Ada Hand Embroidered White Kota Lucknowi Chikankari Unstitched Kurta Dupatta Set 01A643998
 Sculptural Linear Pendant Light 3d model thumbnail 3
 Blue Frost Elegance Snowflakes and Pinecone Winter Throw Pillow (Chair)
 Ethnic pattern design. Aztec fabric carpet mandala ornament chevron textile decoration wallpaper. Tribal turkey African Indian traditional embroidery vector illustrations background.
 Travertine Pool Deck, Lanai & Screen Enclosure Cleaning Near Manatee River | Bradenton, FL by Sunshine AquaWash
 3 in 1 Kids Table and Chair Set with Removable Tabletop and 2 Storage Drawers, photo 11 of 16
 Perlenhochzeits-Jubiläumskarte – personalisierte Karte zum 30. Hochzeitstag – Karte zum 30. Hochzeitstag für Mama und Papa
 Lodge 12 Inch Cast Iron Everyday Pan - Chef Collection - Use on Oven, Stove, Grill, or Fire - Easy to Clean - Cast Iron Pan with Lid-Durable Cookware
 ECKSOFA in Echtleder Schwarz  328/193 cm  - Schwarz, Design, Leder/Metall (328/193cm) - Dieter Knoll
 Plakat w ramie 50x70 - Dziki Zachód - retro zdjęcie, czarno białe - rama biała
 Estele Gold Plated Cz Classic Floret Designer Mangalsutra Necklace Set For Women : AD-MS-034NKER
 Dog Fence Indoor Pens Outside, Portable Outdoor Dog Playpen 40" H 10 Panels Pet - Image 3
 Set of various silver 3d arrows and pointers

Work instructions> Over all the entries, say how many lines hold the string "with". The reply is the number alone.

Written response> 2